La première qu'il m'a prêtée, c'est "Experimental Jet Set Trash and No Star" de Sonic Youth. Je m'en souviens comme si c'était hier. Je me l'étais passée dans le walk-man en me baladant dans la rue. Je devais rejoindre mes parents qui tenaient un stand sur une brocante couverte. Quand je suis entré dans le vaste hangar, c'est "Skink" qui me martelait les oreilles. Je marchais littéralement au-dessus du sol, je volais, je n'avais jamais rien entendu de pareil. Avec la voix de Kim Gordon qui hurlait "I love you" comme si elle m'engueulait et puis qui semblait m'inviter à partager une partie de son intimité, j'étais ailleurs. Mes pieds ne touchaient plus terre. J'étais fou amoureux de cette voix embrumée, de cette basse, des guitares qui partaient complètement en vrille et du jeu de batterie tellement maîtrisé.
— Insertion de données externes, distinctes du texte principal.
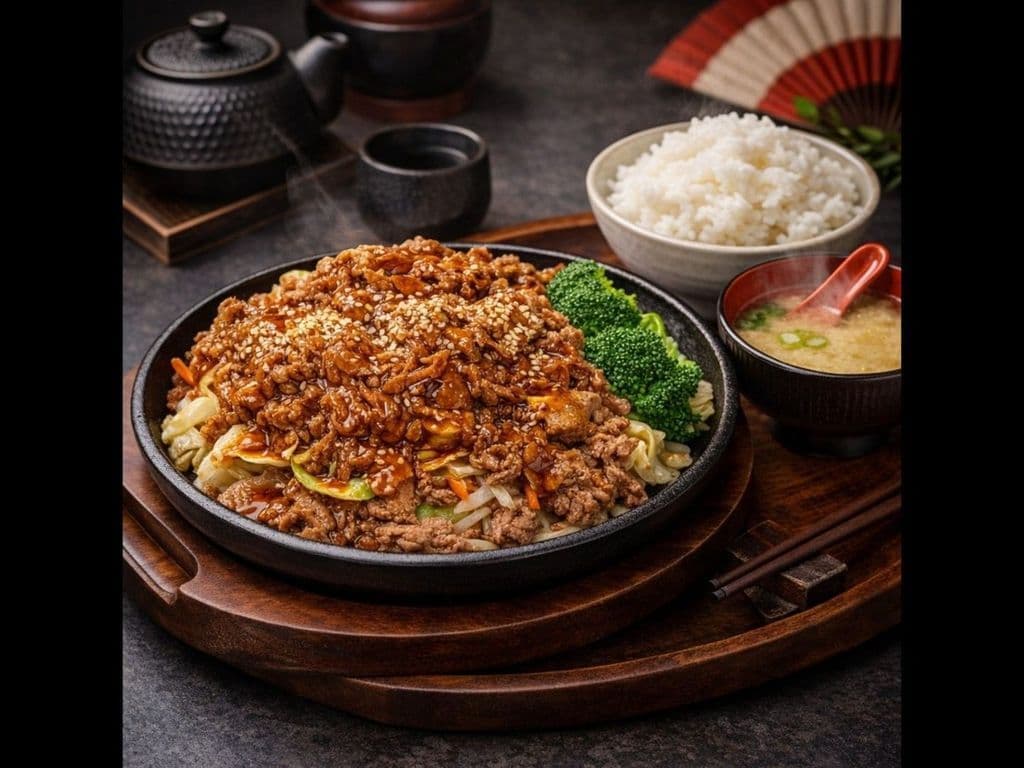 Beef Teriyaki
Par la suite, on s'est échangé des tonnes de cassettes. Le mercredi après-midi, on rassemblait ce qui nous restait d'argent de poche pour louer des CDs à la Médiathèque qu'on copiait sur des cassettes: Pixies, The Jesus Lizard, Mudhoney, Tad, The Melvins, L7, etc. Et puis on s'est tapé à peu près tous les concerts de Sonic Youth possibles et imaginables, on a roulé des heures pour être au premier rang au retour de Mudhoney à Paris, et on a remis le couvert pour The Jesus Lizard des années plus tard.

Quand j'ai déménagé pour la 10e fois en 15 ans l'été dernier, c'est lui qui est venu m'aider à démonter mes meubles. 20 ans plus tôt, notre amitié a commencé avec une cassette de Sonic Youth. C'est dire à quel point ce groupe compte pour moi.